Assignment:
Transcribe the data below verbatim from the line with "Unknown - Pit Bull Terrier" to the line with "Der Wald im Wandel der Zeit 530". Include both of those lines.

Data to process section start

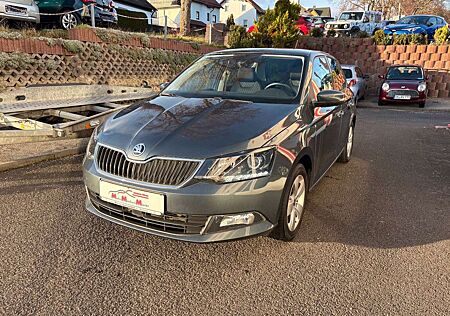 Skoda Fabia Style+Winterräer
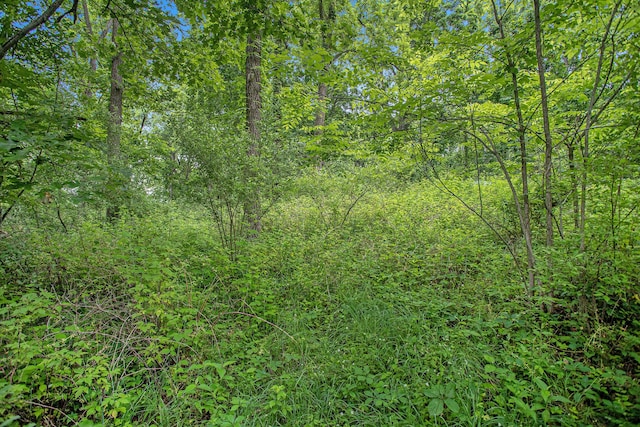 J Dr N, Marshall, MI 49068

Data to process section end
Data to process section start

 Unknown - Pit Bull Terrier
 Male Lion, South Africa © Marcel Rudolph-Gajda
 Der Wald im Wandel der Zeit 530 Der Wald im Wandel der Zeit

Data to process section end

Answer space:
 Unknown - Pit Bull Terrier
 Male Lion, South Africa © Marcel Rudolph-Gajda
 Der Wald im Wandel der Zeit 530 Der Wald im Wandel der Zeit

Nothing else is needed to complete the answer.